Here is an example Acquire() primitive for this blocking mutex:
void acquire(struct bmutex* b) { lock(&b->l); if (!b->locked) { b->locked = 1; unlock (&b->l); return; } curproc->next = b->watier; b->waiter = curproc; curproc->blocked = true; unblock(&b->l); yield(); //let another process run return; }
Here, if the the process can acquire the mutex, it sets the locked field to 1, unlocks the spinlock, and returns, so then we're off to the races. But if the mutex is locked, it instead adds the current processor to a linked list of processors to run after the mutex unlocks, and adds the current waiting one to the waiting list of the processor. Then, we can yield(), and context switch into a process that has work that can currently run.

Sample Release function

Now, what would you imagine the Release() function to look like?
//Release implementation #1 void release(struct bmutex* b) { lock(&b->l); b->locked = false; if (b->waiter) { b->waiter->blocked = false; b->waiter = b->waiter->next; } unlock(&b->l); }
This is a decent first draft, but here we encounter the Goldilock's principle of Critical Sections; we want our critical sections to eliminate any type of race conditions, but we want to push any code that doesn't risk causing a race condition out from the critical section between the lock() and unlock() functions. Can we do better?
//Release implementation #2 void release(struct bmutex* b) { lock(&b->l); b->locked = false; struct proc* w = b->waiter; unlock b(&b->l); if (w) { w->blocked = false; b->waiter = w->next; } }
Nice try! However, by shrinking the critical section to simply storing a proc pointer as well as the unlocking of b, we introduce a race condition, as by unlocking before we are finished using b's member variables, we risk that we can stomp on another process that is setting the b->waiter field. So if this porridge is too cold, can we find a happy just-right?
//Release implementation #3 void release(struct bmutex* b) { lock(&b->l); b->locked = false; struct proc* w = b->waiter b->watier = w->next; unlock(&b=>l) w->blocked = false; }
It turns out here, we could only get the one boolean out of the critical section. However, if that changing boolean were instead a long function call, we can see how that would save a significant amount of time! Here are the more common names for these two functions:
These mutexes can also be easily adjusted to allow for n users at one time, by replacing bool locked with a number that initializes to n and decrements every time it is acquired, and incremented every time it is released.

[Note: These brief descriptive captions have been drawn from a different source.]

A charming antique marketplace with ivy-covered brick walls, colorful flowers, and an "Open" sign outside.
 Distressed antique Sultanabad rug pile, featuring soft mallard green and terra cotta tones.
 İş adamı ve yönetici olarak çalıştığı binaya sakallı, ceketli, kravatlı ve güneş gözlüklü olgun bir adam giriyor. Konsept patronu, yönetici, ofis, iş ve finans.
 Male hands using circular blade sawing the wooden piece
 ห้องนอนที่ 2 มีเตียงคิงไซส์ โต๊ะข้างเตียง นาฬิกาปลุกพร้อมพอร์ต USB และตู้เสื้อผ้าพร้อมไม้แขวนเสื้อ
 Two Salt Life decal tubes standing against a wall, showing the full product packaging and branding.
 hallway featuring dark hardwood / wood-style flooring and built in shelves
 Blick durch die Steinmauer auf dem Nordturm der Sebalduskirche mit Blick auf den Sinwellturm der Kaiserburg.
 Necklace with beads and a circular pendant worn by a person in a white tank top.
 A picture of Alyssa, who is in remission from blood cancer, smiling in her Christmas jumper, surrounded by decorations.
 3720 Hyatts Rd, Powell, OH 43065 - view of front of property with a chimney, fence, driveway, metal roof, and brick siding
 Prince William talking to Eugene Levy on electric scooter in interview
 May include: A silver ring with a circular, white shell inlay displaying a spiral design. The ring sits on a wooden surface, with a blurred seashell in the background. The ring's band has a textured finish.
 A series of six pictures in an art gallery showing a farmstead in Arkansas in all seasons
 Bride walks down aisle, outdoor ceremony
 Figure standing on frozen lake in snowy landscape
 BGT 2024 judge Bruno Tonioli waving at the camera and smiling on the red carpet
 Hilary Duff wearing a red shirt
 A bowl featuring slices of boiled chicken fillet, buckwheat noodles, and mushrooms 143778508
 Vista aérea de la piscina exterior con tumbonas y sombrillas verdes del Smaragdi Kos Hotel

Solving Pipe Problems with Condition Variables

Pipes are still problematic, even with the blocking mutexes, because we may get into a situation where we have writers who are writing to the same pipe and constantly polling, eating up our valuable CPU time. However, we can solve this problem by building upon our previous blocking by introducing a new type of mutex: The Condition Variable.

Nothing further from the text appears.